In a city it's measured for the whole year whether it rained or not. A distribution $\textrm{Bernoulli}(r_t|\rho)$ characterizes the observations $\{r_t\}_{t=1}^{365}$ where $r_t = 1$ if it rained that day and $r_t = 0$ if it did not rain.

My goal is finding the value of $\rho$ as a maximum likelihood.

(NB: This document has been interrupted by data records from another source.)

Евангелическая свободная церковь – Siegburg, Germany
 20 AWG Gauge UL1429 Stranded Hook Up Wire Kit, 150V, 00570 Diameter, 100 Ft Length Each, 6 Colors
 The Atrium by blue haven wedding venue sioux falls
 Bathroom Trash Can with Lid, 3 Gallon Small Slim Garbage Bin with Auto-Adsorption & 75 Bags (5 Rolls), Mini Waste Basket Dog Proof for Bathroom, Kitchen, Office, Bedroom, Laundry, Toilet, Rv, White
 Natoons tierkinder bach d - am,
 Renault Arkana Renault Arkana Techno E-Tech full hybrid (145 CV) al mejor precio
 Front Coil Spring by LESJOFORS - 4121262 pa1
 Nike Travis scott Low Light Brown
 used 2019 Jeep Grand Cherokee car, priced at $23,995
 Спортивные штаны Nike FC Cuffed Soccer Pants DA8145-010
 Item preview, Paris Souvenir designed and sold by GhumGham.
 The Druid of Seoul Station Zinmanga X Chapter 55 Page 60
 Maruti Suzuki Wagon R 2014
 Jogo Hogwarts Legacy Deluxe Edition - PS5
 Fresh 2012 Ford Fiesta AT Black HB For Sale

One first step is to find the likelihood of the entire set of observations, which I believe is:

$p(r_1,r_2,\ldots,r_t|\rho) = \prod_{t=1}^{365}\rho^{r_t}(1 - \rho)^{1-r_t}$

Considering $n_1$ as the number of rainy days, and $n_0$ the number of not raining days the likelihood is simplified:

$p(r_1,r_2,\ldots,r_t|\rho) =\rho^{n_1}(1 - \rho)^{n_0}$

Hence, the log-likelihood calculated as follows:

$\mathrm{log}p(r_1,r_2,\ldots,r_t|\rho) = n_1\mathrm{log}(\rho) + n_0\mathrm{log}(1-\rho)$

Its derivative seems to be:

$\frac{\mathrm{d}}{\mathrm{d}\rho}\mathrm{log}p(r_1,r_2,\ldots,r_t|\rho) = \frac{n_1}{\rho} + \frac{n_0}{1- \rho}$

Setting the derivative to 0:

$\rho = \frac{n_1}{n_1 - n_0}$

Plugging in the yearly measurements $n_1 = 217$, $n_0 = 148$:

$\rho = \frac{217}{217-148} = 3.145$

Unfortunately this value is not allowed for $\rho$, which should be in the interval $[0,1]$.

What's wrong? I did the calculations several times with the same result.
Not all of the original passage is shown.